INSTRUCTIONS FOR THE TASK. Omit every picture while repeating the entries exactly.
**** PROVIDED ENTRIES ****
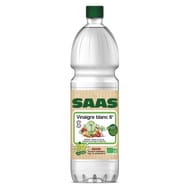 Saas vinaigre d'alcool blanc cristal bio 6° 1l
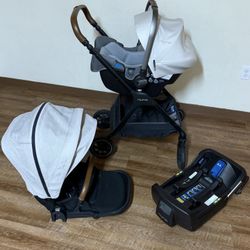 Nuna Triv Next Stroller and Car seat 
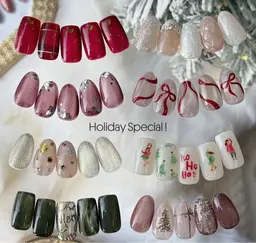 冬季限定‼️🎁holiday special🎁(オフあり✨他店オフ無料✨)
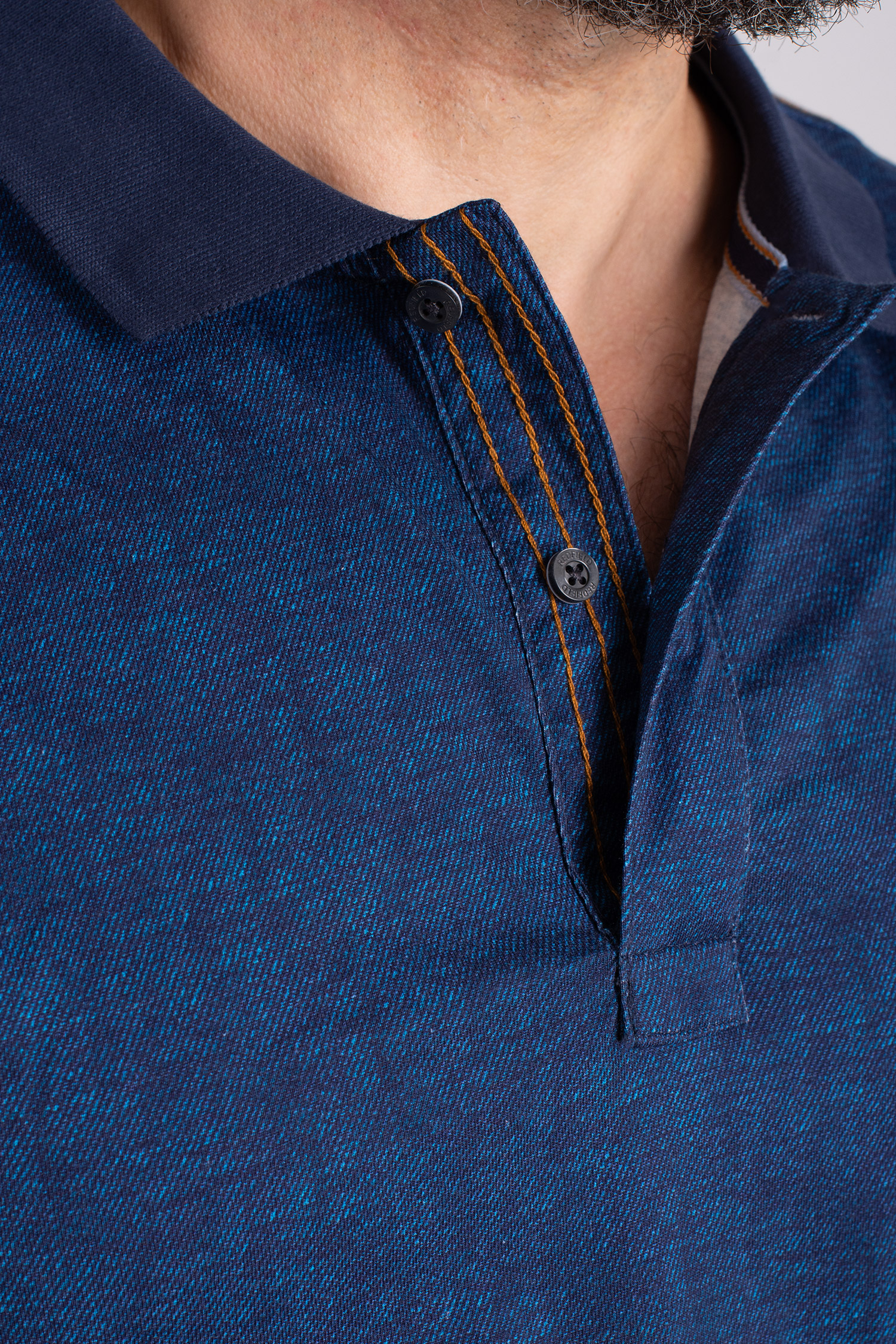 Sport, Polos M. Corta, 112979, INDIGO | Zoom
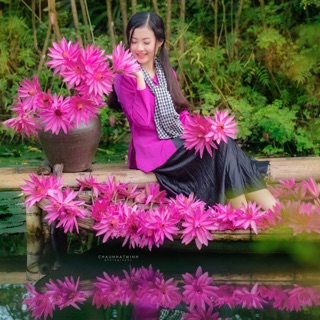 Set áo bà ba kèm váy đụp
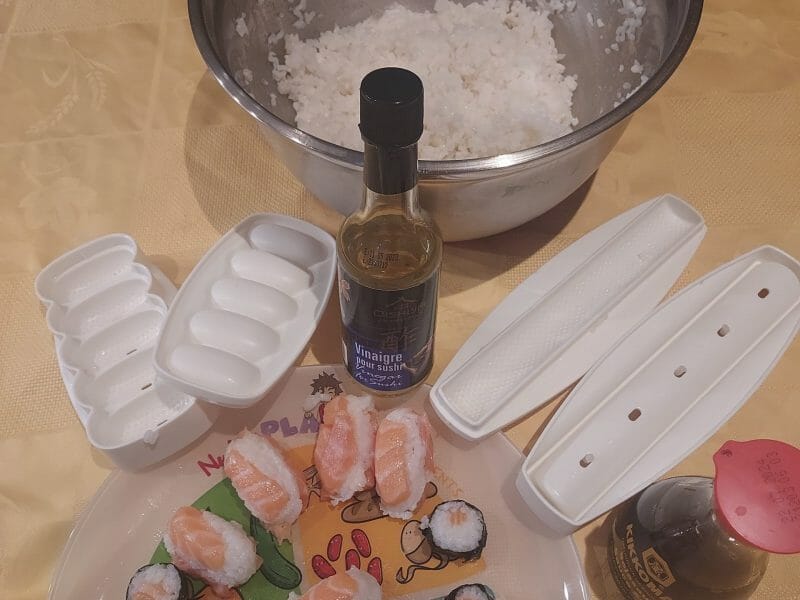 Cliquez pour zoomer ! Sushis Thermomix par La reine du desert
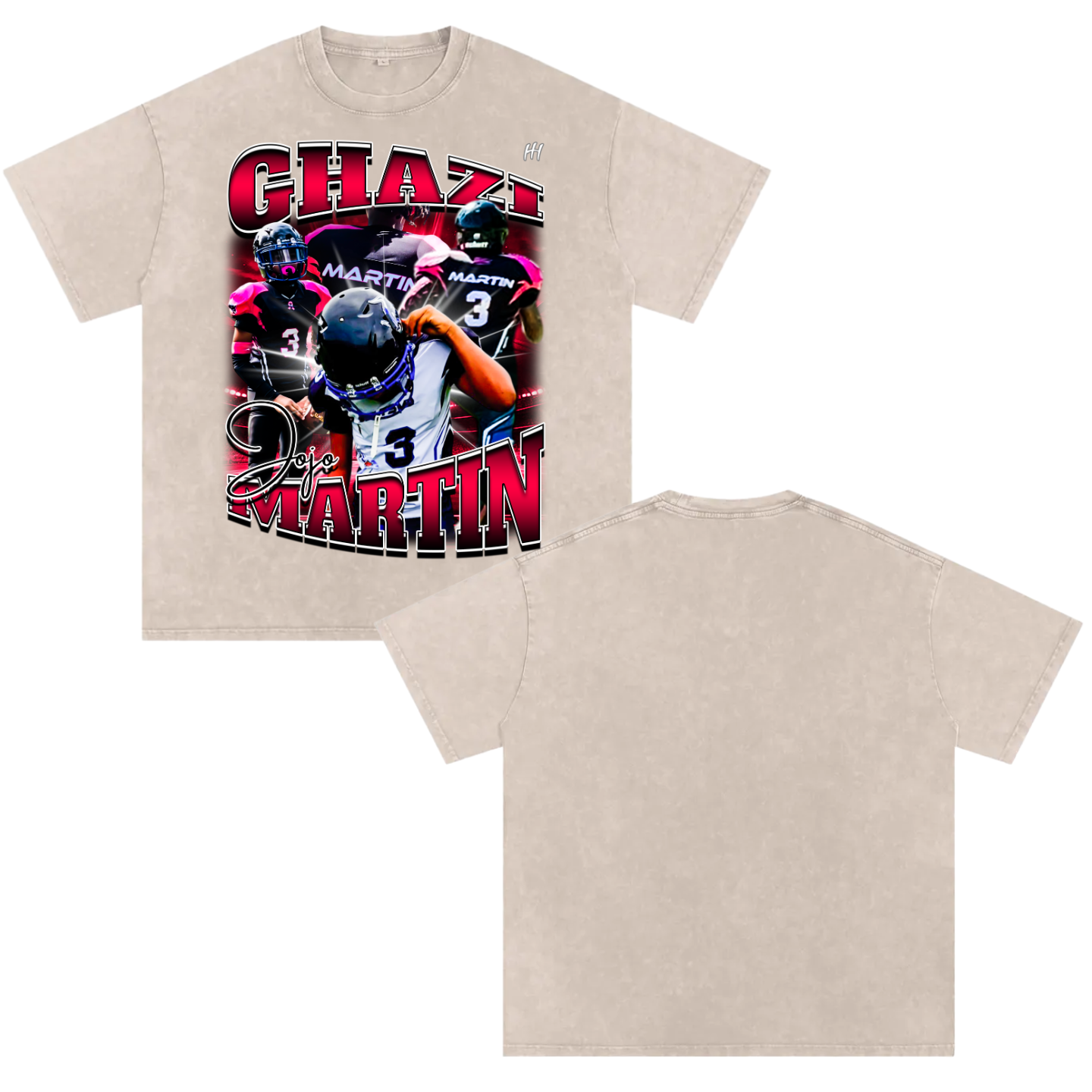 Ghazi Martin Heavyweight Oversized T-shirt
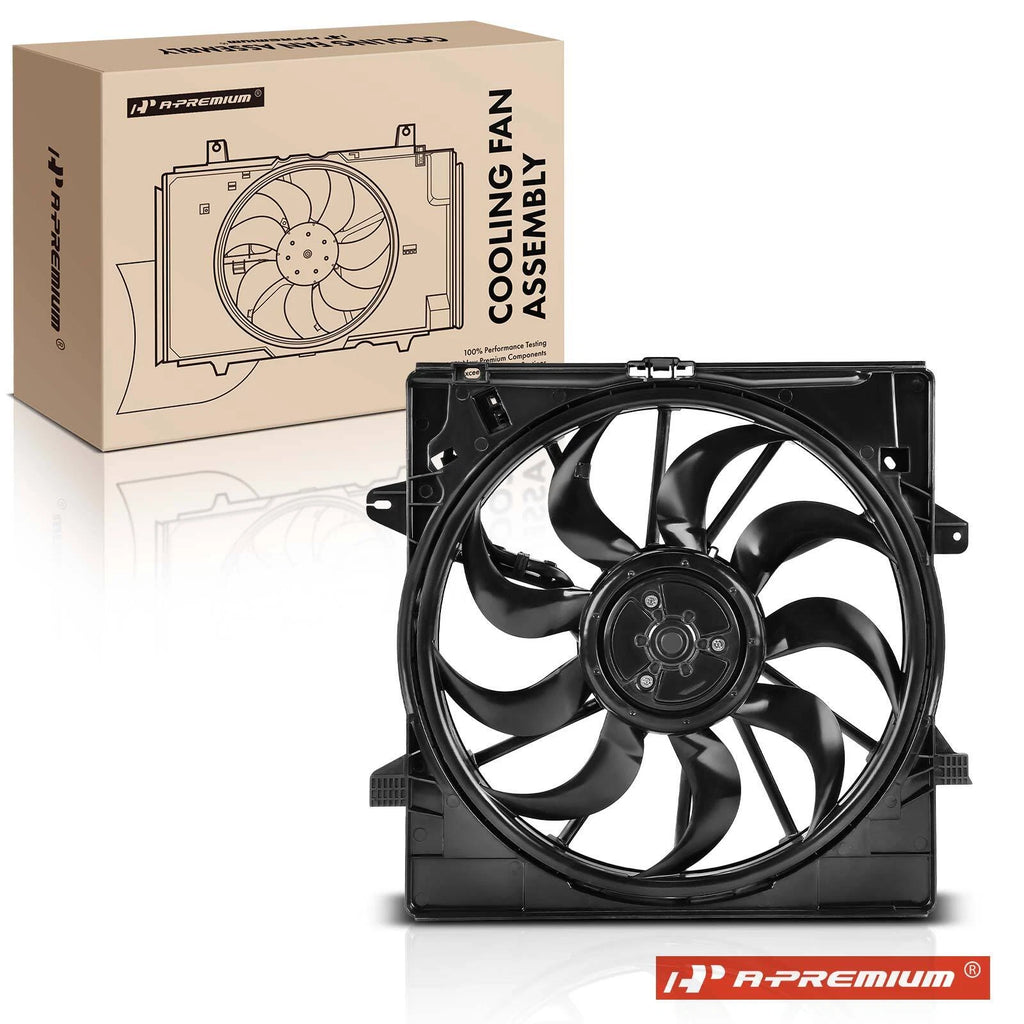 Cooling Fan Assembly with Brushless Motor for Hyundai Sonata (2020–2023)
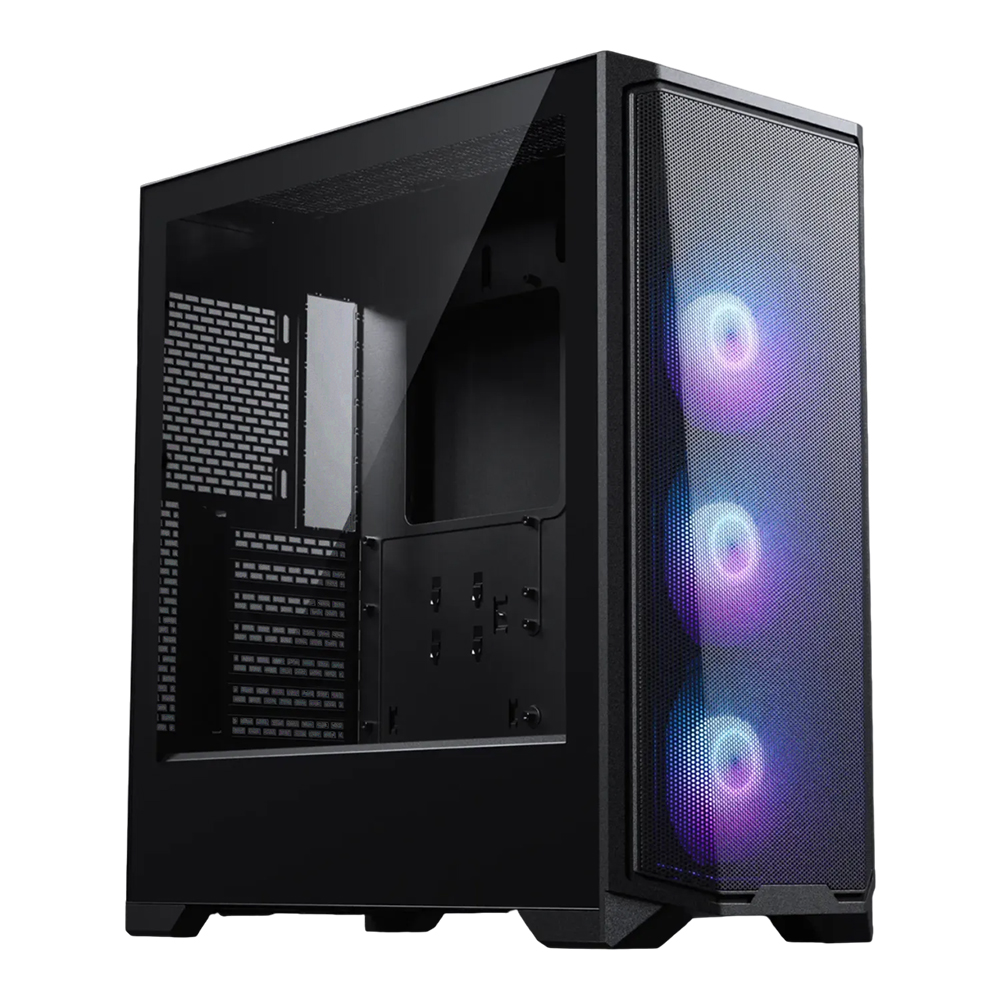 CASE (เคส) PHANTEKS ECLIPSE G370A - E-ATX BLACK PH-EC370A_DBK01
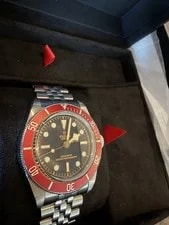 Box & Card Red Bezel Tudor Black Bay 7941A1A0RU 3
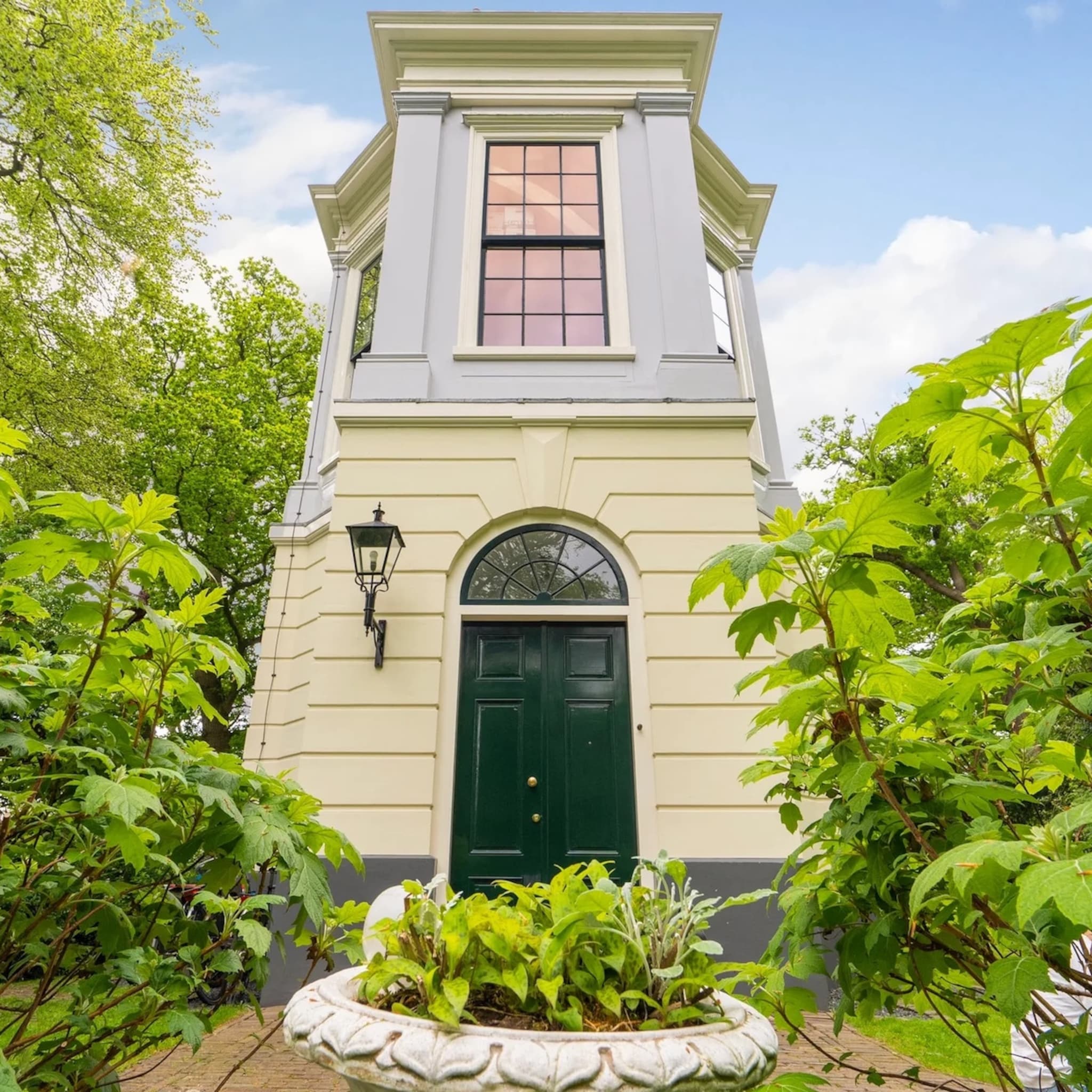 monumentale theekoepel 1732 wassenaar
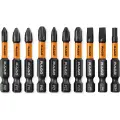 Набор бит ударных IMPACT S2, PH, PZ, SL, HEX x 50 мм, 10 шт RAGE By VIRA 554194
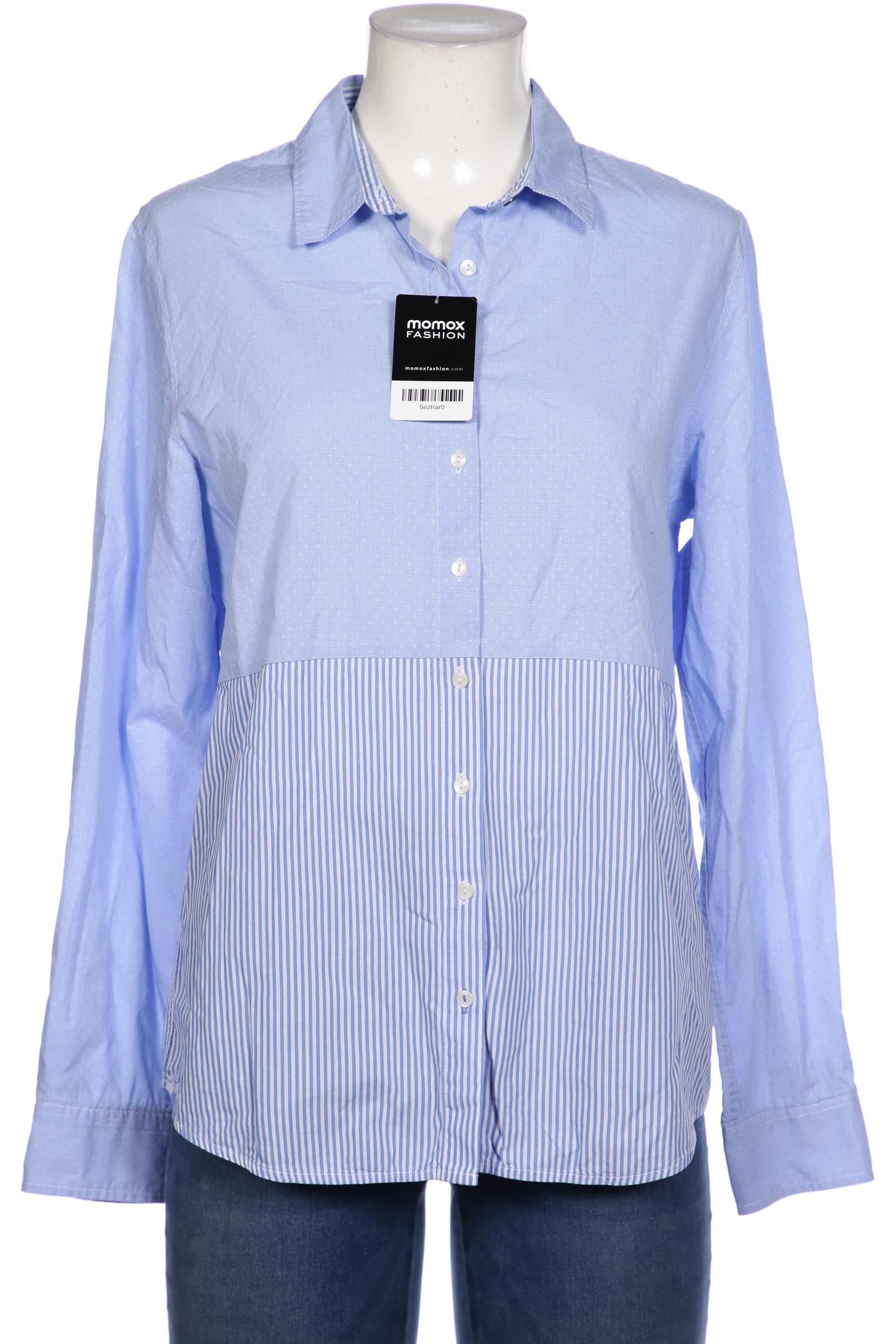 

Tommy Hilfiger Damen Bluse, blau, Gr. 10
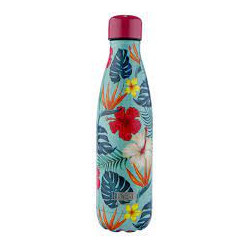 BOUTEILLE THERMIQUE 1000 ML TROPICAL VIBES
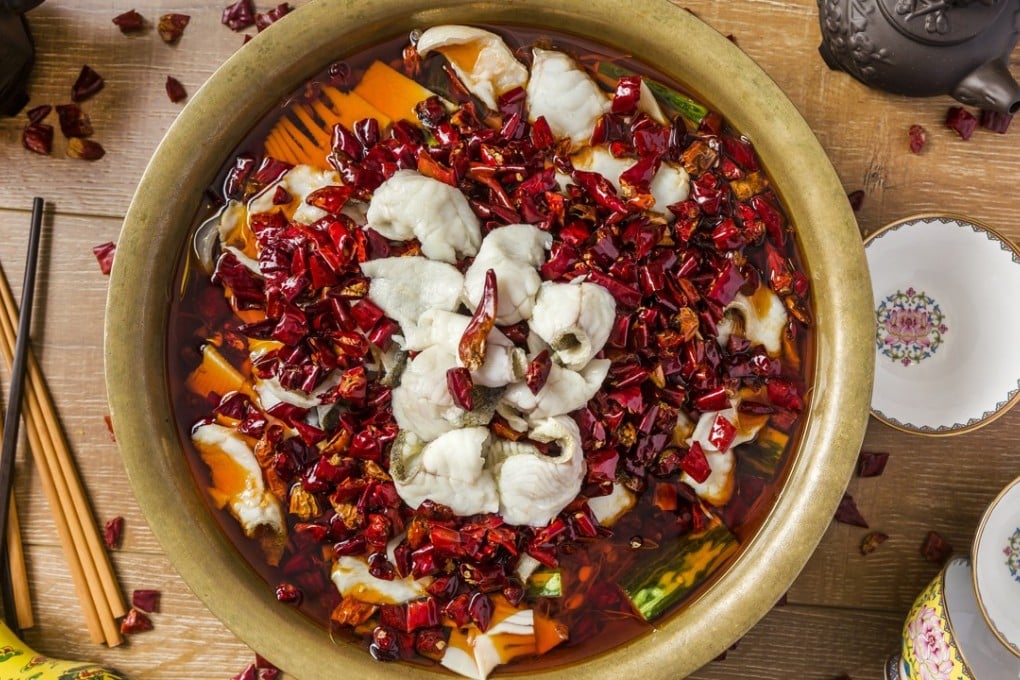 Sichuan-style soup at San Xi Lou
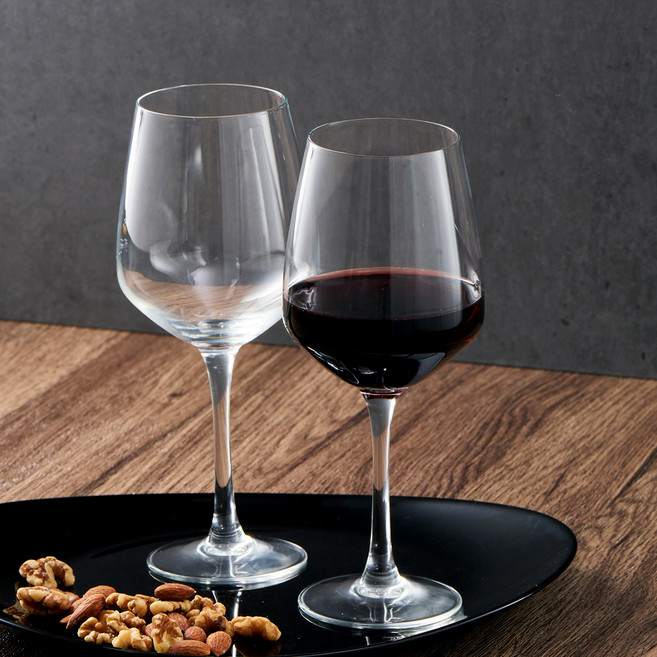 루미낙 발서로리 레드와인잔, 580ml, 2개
****
RESPONSE TO THIS EXERCISE.
 Saas vinaigre d'alcool blanc cristal bio 6° 1l
 Nuna Triv Next Stroller and Car seat 
 冬季限定‼️🎁holiday special🎁(オフあり✨他店オフ無料✨)
 Sport, Polos M. Corta, 112979, INDIGO | Zoom
 Set áo bà ba kèm váy đụp
 Cliquez pour zoomer ! Sushis Thermomix par La reine du desert
 Ghazi Martin Heavyweight Oversized T-shirt
 Cooling Fan Assembly with Brushless Motor for Hyundai Sonata (2020–2023)
 CASE (เคส) PHANTEKS ECLIPSE G370A - E-ATX BLACK PH-EC370A_DBK01
 Box & Card Red Bezel Tudor Black Bay 7941A1A0RU 3
 monumentale theekoepel 1732 wassenaar
 Набор бит ударных IMPACT S2, PH, PZ, SL, HEX x 50 мм, 10 шт RAGE By VIRA 554194

Tommy Hilfiger Damen Bluse, blau, Gr. 10
 BOUTEILLE THERMIQUE 1000 ML TROPICAL VIBES
 Sichuan-style soup at San Xi Lou
 루미낙 발서로리 레드와인잔, 580ml, 2개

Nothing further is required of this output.